On Mon, Jan 13, 2020 at 02:10:52PM -0800, Oliver Upton wrote:
> Since commit 5f3d45e7f282 ("kvm/x86: add support for
> MONITOR_TRAP_FLAG"), KVM has allowed an L1 guest to use the monitor trap
> flag processor-based execution control for its L2 guest. KVM simply
> forwards any MTF VM-exits to the L1 guest, which works for normal
> instruction execution.
> 
> However, when KVM needs to emulate an instruction on the behalf of an L2
> guest, the monitor trap flag is not emulated.
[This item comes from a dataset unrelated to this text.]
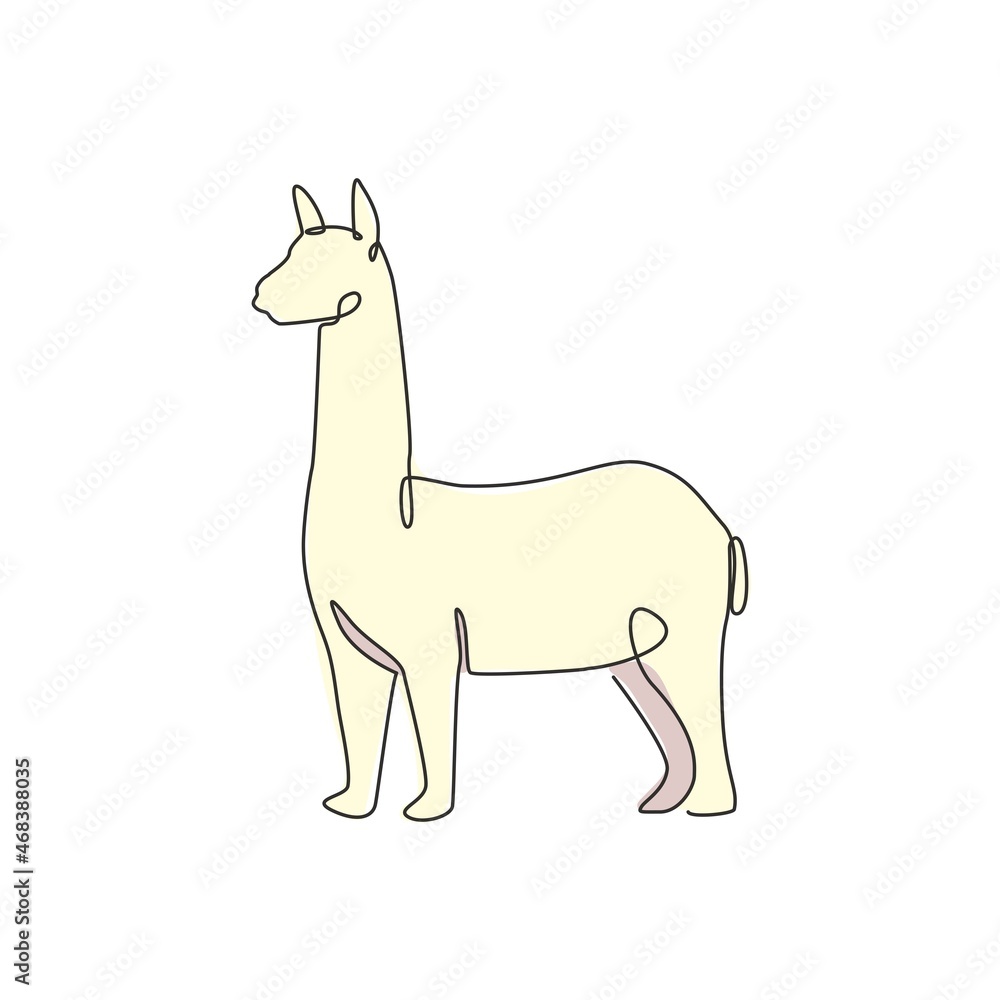 One continuous line drawing of elegant bear for company logo identity. Business icon concept from wild mammal animal shape. Trendy single line draw graphic design vector illustration One continuous line drawing of elegant bear for company logo identity. Business icon concept from wild mammal animal shape. Trendy single line draw graphic design vector illustration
Add the necessary logic to
> kvm_skip_emulated_instruction() to synthesize an MTF VM-exit to L1 upon
> instruction emulation for L2.

This only fixes the flows where KVM is doing "fast" emulation, or whatever
you want to call it.  The full emulation paths are still missing proper MTF
support.  Dunno if it makes sense to fix it all at once, e.g. if the full
emulation is stupid complex, but at a minimum the gaps should be called out
with a brief explanation of why they're not being addressed.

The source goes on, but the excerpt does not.